Neil Whitfield rightly pointed to the insanity of the Sydney Daily Telegraph front page. There is evil among us and it’s called The Daily Telegraph!
I doubt that the paper will be greatly concerned at my views, but it may be worthwhile spelling out the reasons for my own position.
History, what we discover as the present recedes into the past, is a great corrective. Throughout the 1950s into the 1980s, the left denied that the USSR spied in Australia. It is now clear that the USSR did.
In both the First and Second World Wars, the Australian Government interned what were defined as enemy aliens. The broad sweep of the laws, regulations and policies swept up many innocents. Now we apologise. We do so knowing that Government responses at the time had little practical impact on the war Australia was fighting. They were an emotional response to a what-if, a perceived danger.
By contrast, Malcolm Fraser’s decision to admit mass migration of Vietnamese boat people is now generally seen as a courageous decision based on principle. It was also a decision that has had, apparently at least, no negative impacts for Australia beyond settlement costs. Indeed, it is seen as having over-whelming positive results.
I have no idea whether or not the photo was taken to show him in firm, even dour, pose. That’s possible. Still, he was just announcing the militarisation of Australia’s custom service. I quote:
In his first announcement as Immigration Minister this week, Mr Dutton said customs officers would be able to carry guns and personal protection equipment at all Australian airports.
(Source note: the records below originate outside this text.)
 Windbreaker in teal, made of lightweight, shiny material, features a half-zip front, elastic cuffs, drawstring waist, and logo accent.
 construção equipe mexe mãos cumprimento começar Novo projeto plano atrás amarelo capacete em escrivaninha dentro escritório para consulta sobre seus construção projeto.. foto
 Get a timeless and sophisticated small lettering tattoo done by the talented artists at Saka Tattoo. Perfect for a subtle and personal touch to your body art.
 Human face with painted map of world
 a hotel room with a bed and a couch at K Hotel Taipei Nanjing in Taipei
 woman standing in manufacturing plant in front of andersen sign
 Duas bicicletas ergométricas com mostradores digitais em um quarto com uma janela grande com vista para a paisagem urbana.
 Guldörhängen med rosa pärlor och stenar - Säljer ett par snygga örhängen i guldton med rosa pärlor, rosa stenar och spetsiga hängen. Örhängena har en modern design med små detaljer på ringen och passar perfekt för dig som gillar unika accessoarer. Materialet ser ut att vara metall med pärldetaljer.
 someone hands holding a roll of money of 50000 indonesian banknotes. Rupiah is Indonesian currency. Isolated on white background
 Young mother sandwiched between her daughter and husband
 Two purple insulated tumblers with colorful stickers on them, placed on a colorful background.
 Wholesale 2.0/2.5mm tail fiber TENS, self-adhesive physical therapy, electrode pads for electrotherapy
The decision, which came into effect on Wednesday, was made to ensure officers could be respond to a number of potential "border-related threats" across an "evolving transnational crime and national security environment".
"The government is committed to ensuring that the future Australian Border Force is as well trained and well equipped as possible, to ensure that the public is protected from the range of new and emerging threats our nation faces at the border," a spokesman for Mr Dutton said.
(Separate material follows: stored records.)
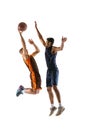 Full-length portrait of two young men, professional basketball players in a jump, throwing ball into basket isolated Royalty Free Stock Photo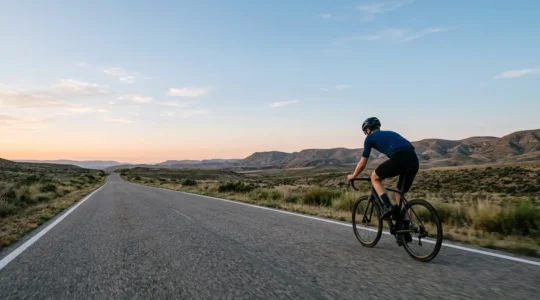 Endurance cyclist maintaining steady pace on open road during long-distance sportive
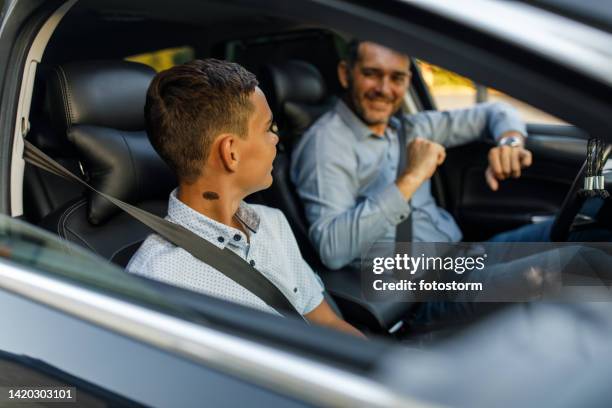 teenage boy looking at his father who is jamming to music while sitting in the car - embarrased dad stockfoto's en -beelden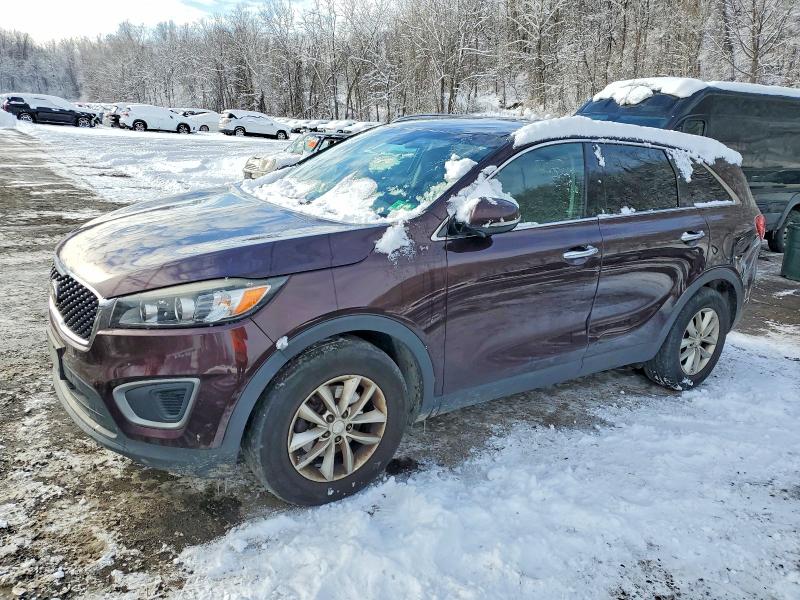 KIA SORENTO 2016 with VIN 5XYPG4A34GG058935 - Photo from auction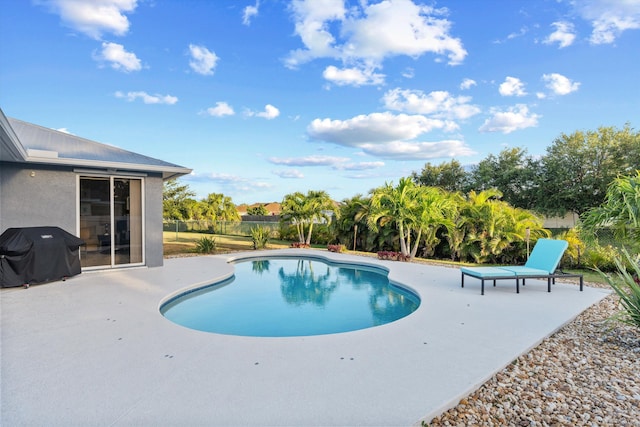 view of pool featuring a fenced in pool, a patio area, fence, and grilling area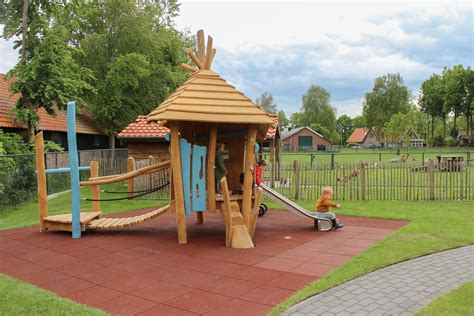 Kleuterhof met kleurrijke speeltoestellen en zachte ondergrond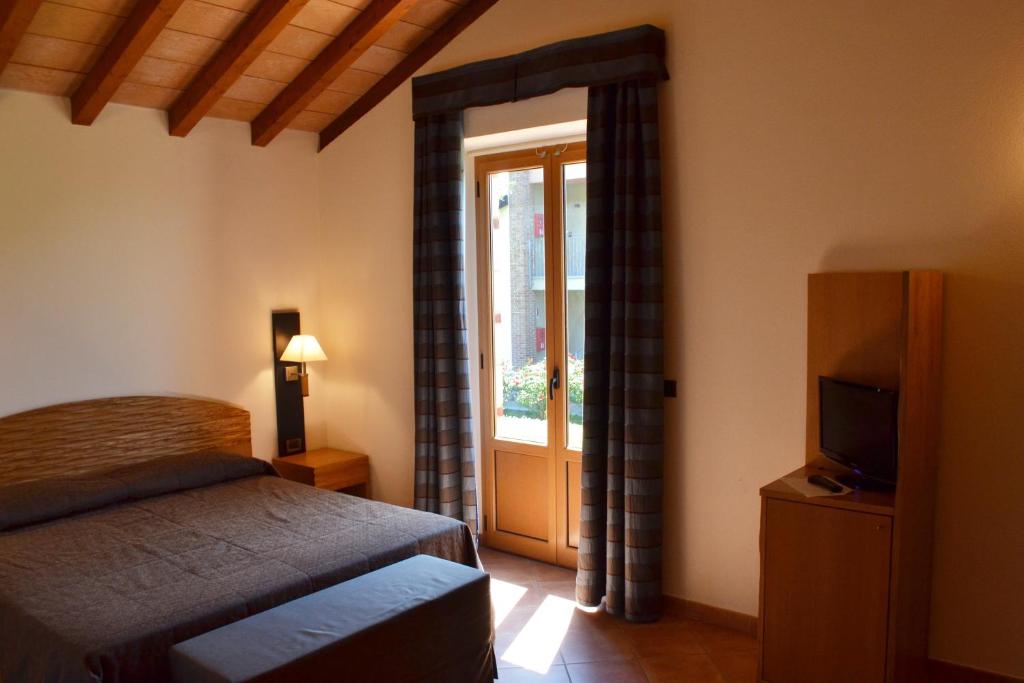Postel nebo postele na pokoji v ubytování Ariotto Village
This emphasis on new and emerging threats is part of an evolving pattern, not one I like. The Australian Federal Police are armed. Previously, they were there to act in situations requiring the use of force. Now Australia has a new para-military organisation to provide additional protections.
immigration Department Secretary Pezzulo described the new role in this way. "I prefer”, he said, “to see borders in a very different way. I see them as mediating between the imperatives of the global order, with its bias towards the flow of people, goods, capital, data and knowledge, and the inherent territoriality and capacity for exclusion which comes with state sovereignty."
Mmm. If I read this correctly, the Australian Border Force has become the Great Wall of Australia, a device to protect the country from invading hordes. By all accounts, former Immigration Minister in the Howard Government Philip Ruddock was a humane man. Yet he is likely to be forever tarnished by some of the inhumane things that happened on his watch as he tried to enforce the policy of the Howard Government.
This is not an argument for open borders. It’s just a comment on policy and historical dynamics.
I do not feel safer for all the current rhetoric on border protection or the threats of terrorism. Just the opposite. I don’t think that terrorism is a significant threat to Australia as compared too, for example, death by shark attack or poisoned food in a local cafe. I am far more likely to be killed by the second. However, I cannot help being affected by the rhetoric. Worse, I am worried about the solutions to the perceived threat. Both make me feel less secure when I walk the streets. Statistically, the chances of being shot and killed by a police officer because of an error on my part are far greater than my chances of dying in a terrorist attack.
Ah well. Time to move on.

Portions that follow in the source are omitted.